Sebagaimana yang terjadi dalam masyarakat, bahwa banyak wanita yang telah cukup umur, bahkan telah mapan secara materi namun belum mendapatkan pendamping hidup. Dan kecemasanpun akan mulai mucul tatkala usianya sudah merangkak naik. Sehingga tanpa disadari, terkadang muncul perilaku-perilaku yang semestinya tak layak dilakukan, misalnya wanita akan menjadi sangat sensitif terhadap acara-acara yang ada kaitannya dengan masalah jodoh dan pernikahan, atau ada juga yang bersikap tidak ingin segera menikah dengan berbagai alas an seperti karir, studi dsb.

Kecemasan seorang wanita akan semakin bertambah ketika masyarakat mulai men”cap”nya sebagai “perawan tua”. Sehingga ia merasa tidak lagi berharga karena tidak mampu mendapatkan jodoh dan merekapun akhirnya menyelesaikan masalah ini dengan menggunakan jasa biro jodoh, karena merasa tidak mampu lagi untuk mencari jodoh sendiri. Dalam hal ini, Al-quran mengisahkan ketidak berdayaan seorang wanita menghadapi masa penantiannya, yangmana tercantum dalam surat An-Nahl ayat 92 yang artinya : “ dan janganlah kamu seperti seorang perempuan yang menguraikan benagngnya yang sudah dipintal dengan kuat, menjadi cerai berai kembali”.

Menurut psikoanalisis sosial, kecemasan yang melanda wanita tersebut bisa mengarah pada sikap neurotik. Kecemasan bisa ditimbulkan dari adanya konflik dalam pribadi, konflik ini bisa muncul ketika harapan atau keinginan tidak bisa terealisasi.

Menurut teori ini, penyebab utama timbulnya tingkah laku neurotik yaitu hubungan interpersonal yang salah, oleh karena itu mengatasi tingkah laku neurotik, konflik dan kecemasan hanya dapat dilakukan melalui perbaikan hubungan interpersonal yang salah.

Ada tiga macam gaya hubungan interpersonal yakni, kecenderungan mendekat, kecenderungan menentang, dan kecenderungan menjauh. Pada kasus ini, yang terjadi adalah hubungan yang ketiga yaitu kecenderungan menjauh dari orang-orang yang membahas / membicarakan tentang masalah pendamping hidup.

Padahal, jika wanita itu mau berpikir secara jernih, mungkin penyebab yang terjadi padanya dikarenakan danya sesuatu dalam dirinya sehingga ia mengalami kesulitan dalam hal jodoh.

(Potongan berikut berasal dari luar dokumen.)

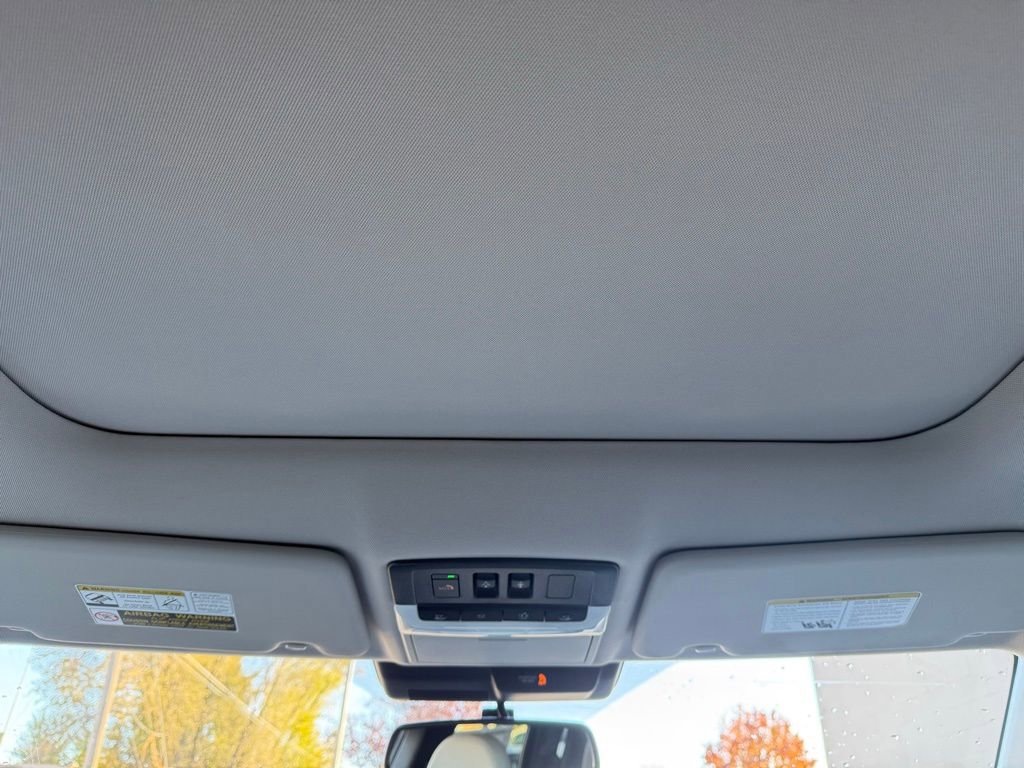 New 2025 Mitsubishi Outlander SEL image 19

Dan seharusnya ia percaya bahwa Allah telah menciptakan hambanya dengan berpasang-pasangan sebagaimana yang tercantum dalam surat Ar-rum ayat 30 yang berbunyi : “ dan diantara tanda-tanda kekuasaan-Nya adalah bahwa Ia menciptakan untukmu pasangan dari jenismu sendiri, agar kamu cenderung dan merasa tentram kepadanya, dan diciptakan-Nya diantaramu kasih sayang. Sesungguhnya yang demikian itu terdapat tanda-tanda bagi orang-orang yang berpikir”.

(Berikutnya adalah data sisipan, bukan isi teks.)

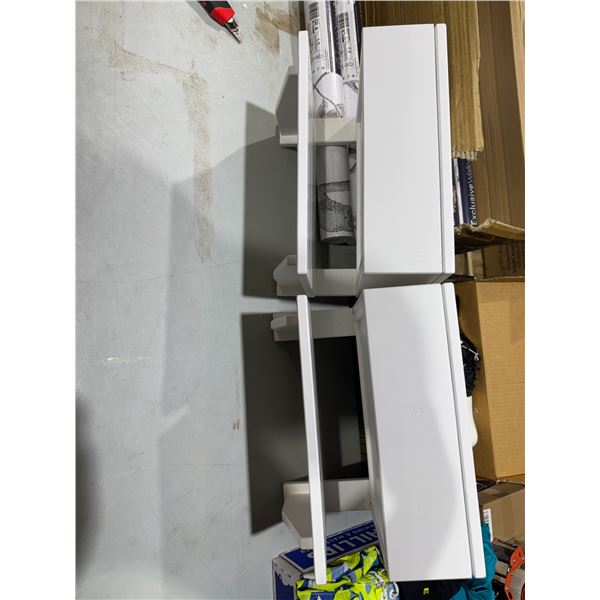 Wall shelves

Dalam teori psikoanalisis, keadaan seseorang terdiri dari Id, Ego dan Super ego. Yang mana perlu adanya keseimbangan antara ketiganya agar manusia bisa menjalankan hidupnya dengan baik. Disini keinginan untuk segera mendapatkan jodoh bertindak sebagi id yang kemudian dilanjutkan dengan berusaha dengan berbagi cara yang baik maupun buruk yang merupakan ego, namun karena timbul kecemasan dan timbul gunjingan dari masyarakat sehingga super ego menghambat pelaksanaan ego secara berlebihan, maka timbullah ketidak seimbangan antara ketiganya. Padahal semestinya super ego hanya menghambat ego yang buruk saja.

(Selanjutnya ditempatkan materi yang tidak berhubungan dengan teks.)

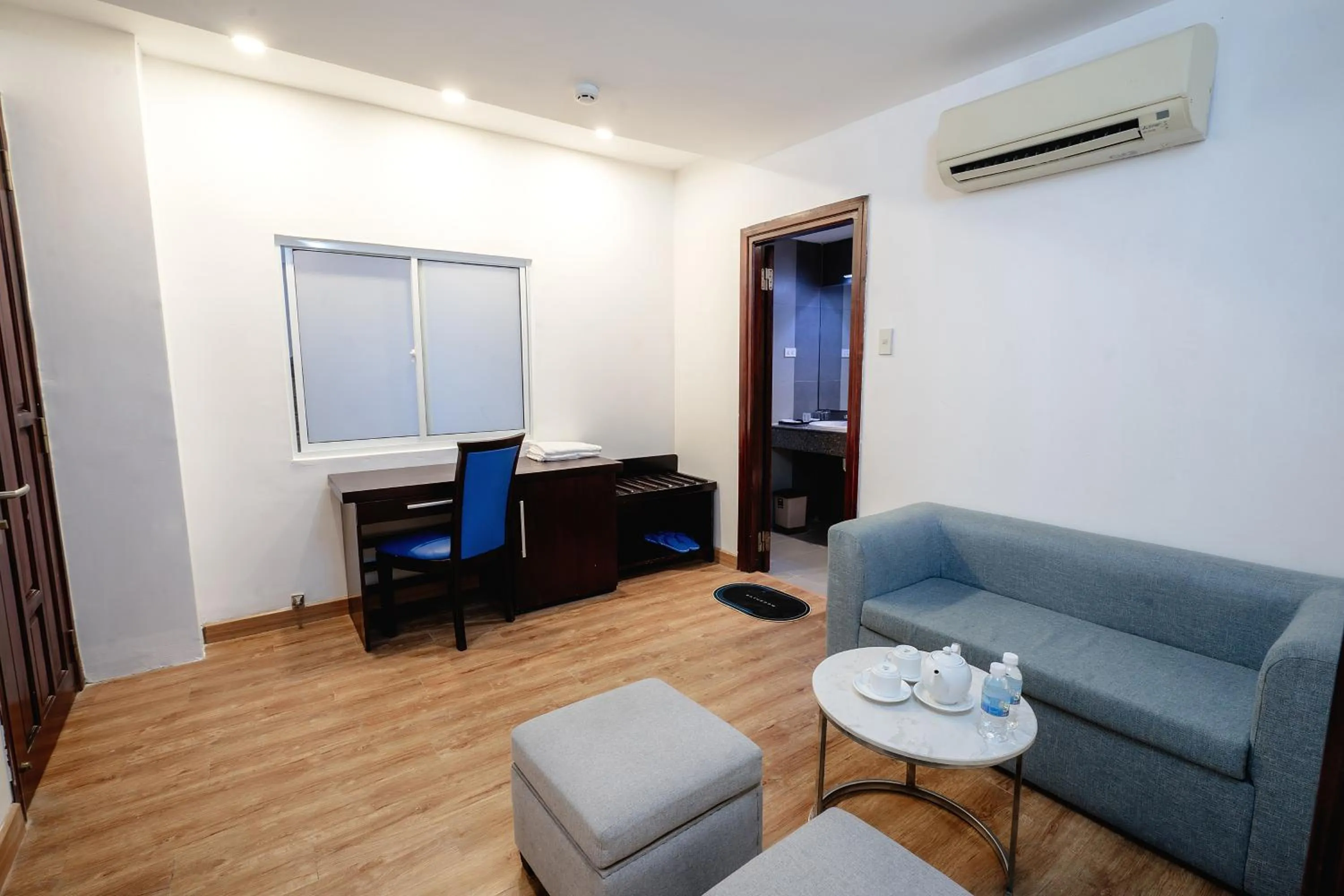 Property building in King Hotel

Pernikahan bukanlah sesuatu yang wajibkan, oleh karena itu bagi setiap individu terutama wanita hendaknya terus berdoa untuk segera mendapatkan jodoh, dan hal yang paling penting adalah menggunakan waktu penantian tersebut dengan hal-hal yang positif dan tidak perlu merisaukan gunjingan orang lain. Karena dengan begitu insyaallah akan terhindar dari kecemasan dan konflik batin. Dan ingatlah bahwa setelah kesusahan pasti ada kebahagiaan, karena Allah menyayangi hamba-Nya.